(Caption-style text data)
☆ ☆ ☆

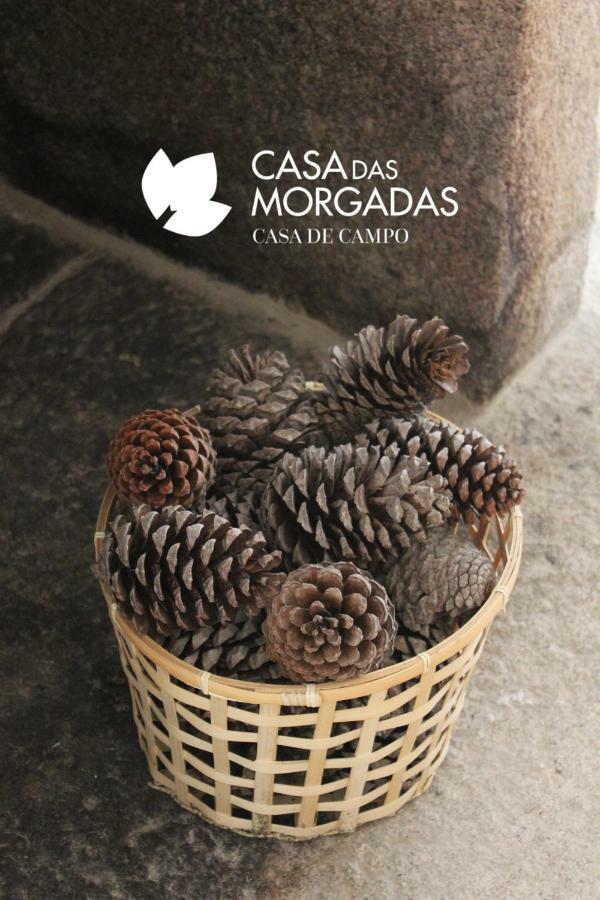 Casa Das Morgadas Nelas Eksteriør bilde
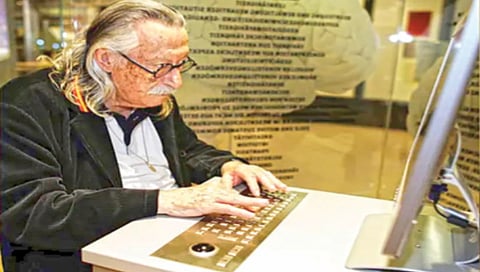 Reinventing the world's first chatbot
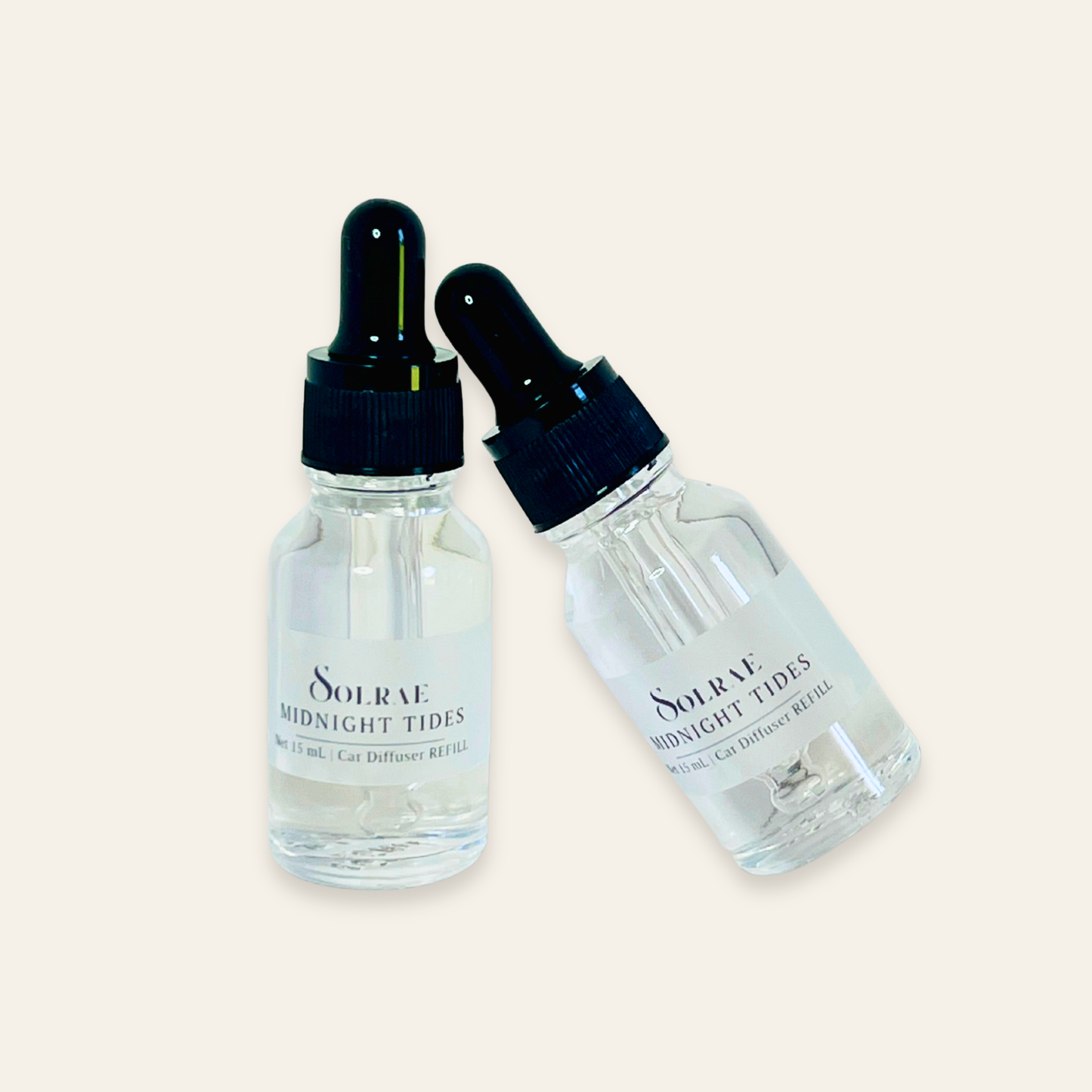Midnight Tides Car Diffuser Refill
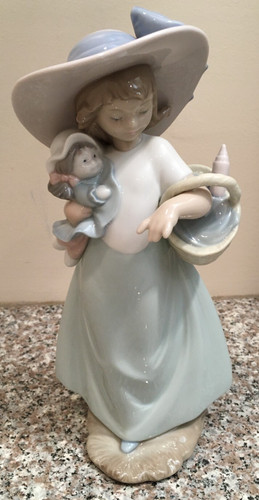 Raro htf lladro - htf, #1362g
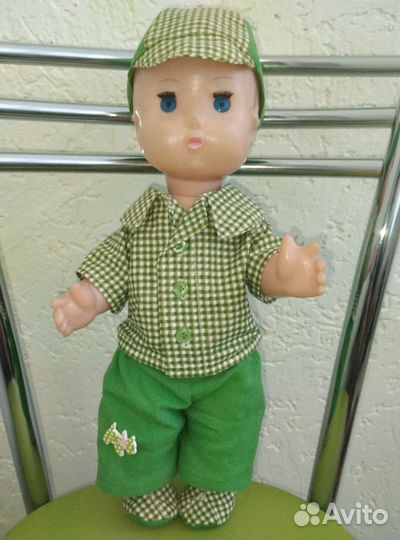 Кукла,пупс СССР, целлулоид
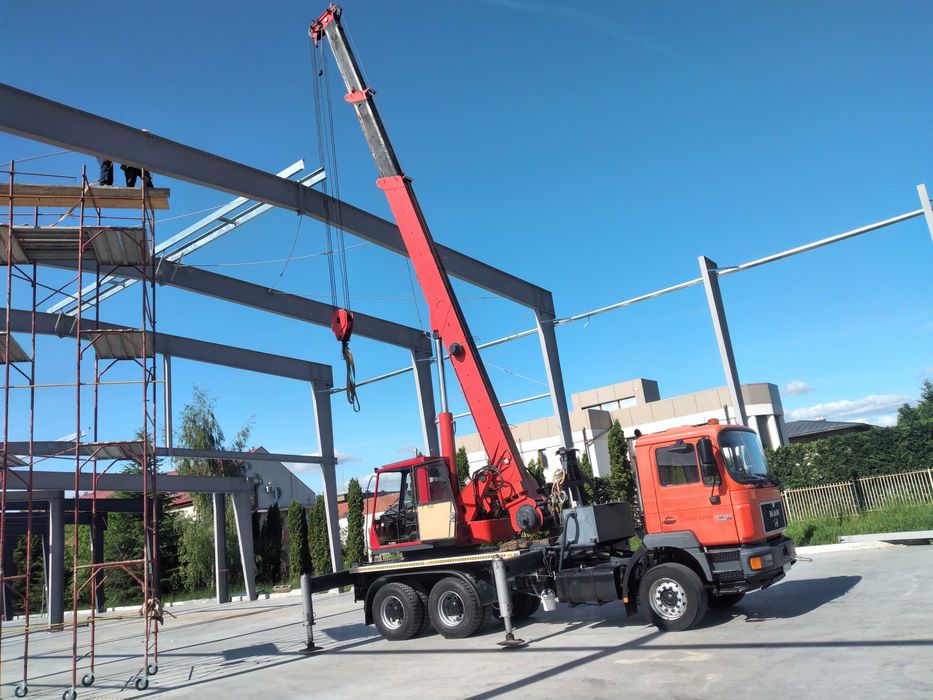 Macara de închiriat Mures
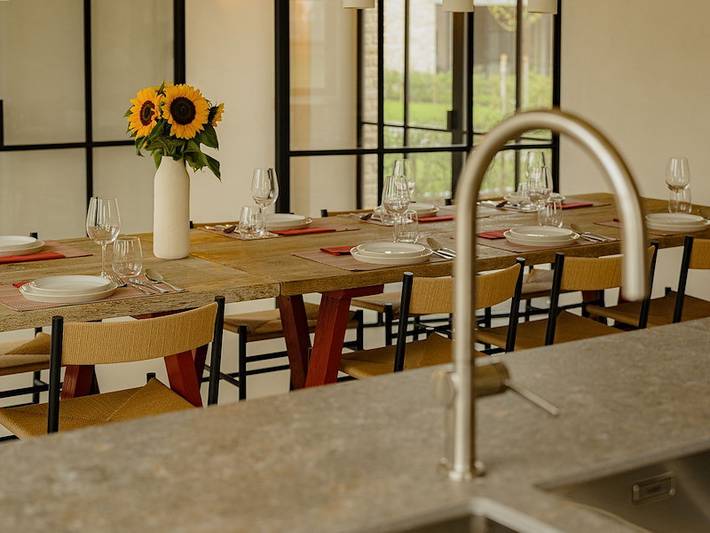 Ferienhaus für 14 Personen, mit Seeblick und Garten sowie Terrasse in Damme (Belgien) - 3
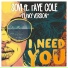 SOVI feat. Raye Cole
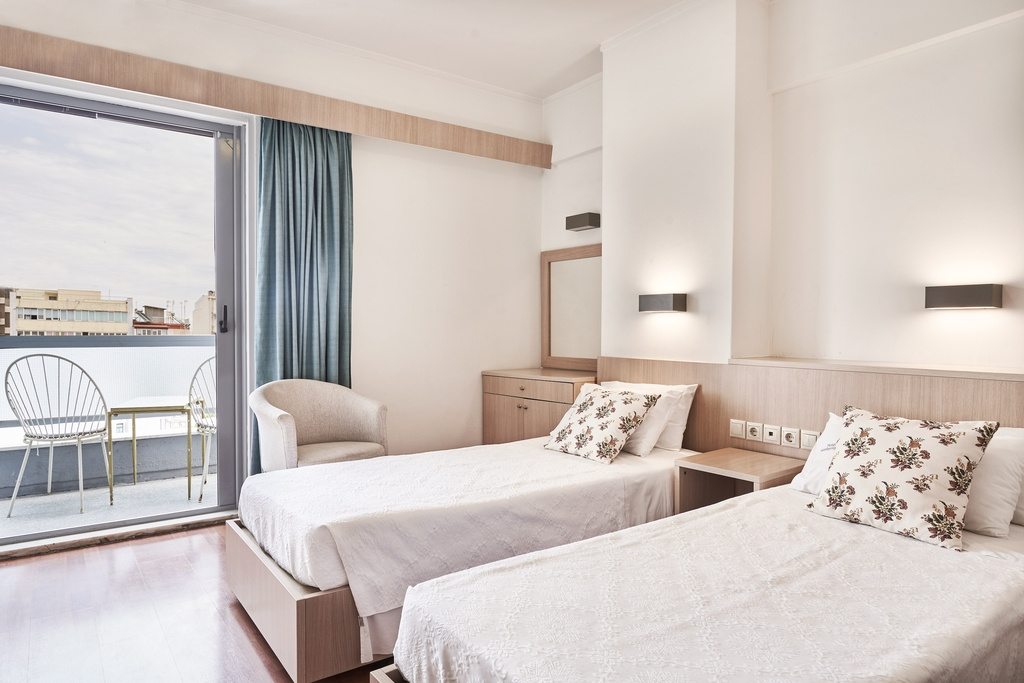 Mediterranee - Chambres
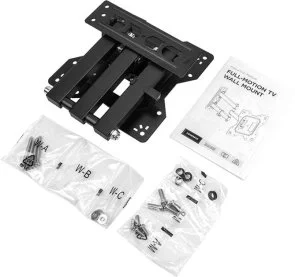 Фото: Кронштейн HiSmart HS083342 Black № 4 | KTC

☆ ☆ ☆

▸ Your instructions:
For this exercise, repeat word for word only the lines from the one containing "Кукла,пупс СССР, целлулоид" through the end of the data, including both. Pictures do not go in the copy.

▸ Reply:
 Кукла,пупс СССР, целлулоид
 Macara de închiriat Mures
 Ferienhaus für 14 Personen, mit Seeblick und Garten sowie Terrasse in Damme (Belgien) - 3
 SOVI feat. Raye Cole
 Mediterranee - Chambres
 Фото: Кронштейн HiSmart HS083342 Black № 4 | KTC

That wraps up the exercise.